Work to complete - Copy out the entries that follow exactly, leaving out the pictures.

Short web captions
Content starts

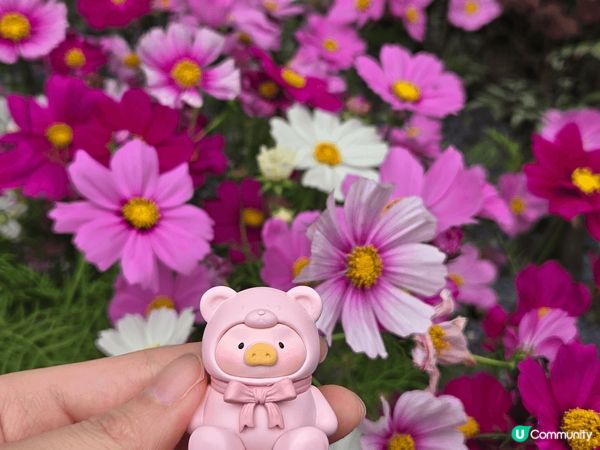 維園花展2025，同中同影左“秋英花”😝😝😝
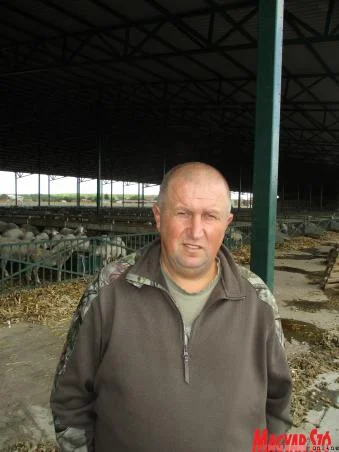 Mely piacokra kerülnek a vajdasági bárányok?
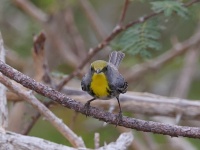 A10A4192Olive-capped_Warbler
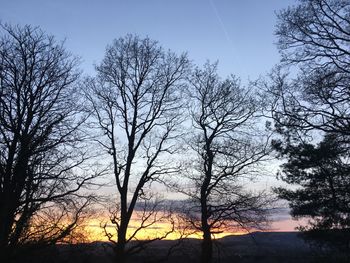 Low angle view of silhouette bare trees against sky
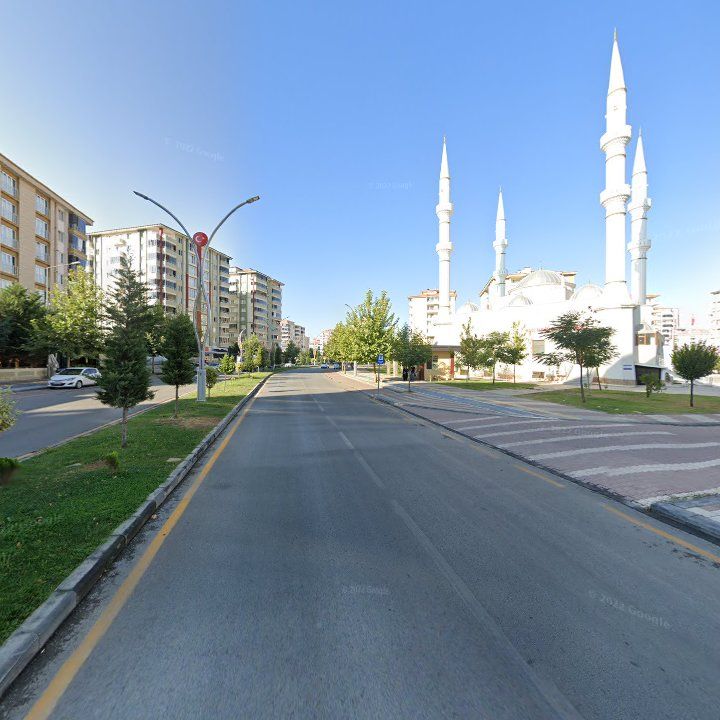 Fotoğraf 8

Content ends

Output of the exercise -
 維園花展2025，同中同影左“秋英花”😝😝😝
 Mely piacokra kerülnek a vajdasági bárányok?
 A10A4192Olive-capped_Warbler
 Low angle view of silhouette bare trees against sky
 Fotoğraf 8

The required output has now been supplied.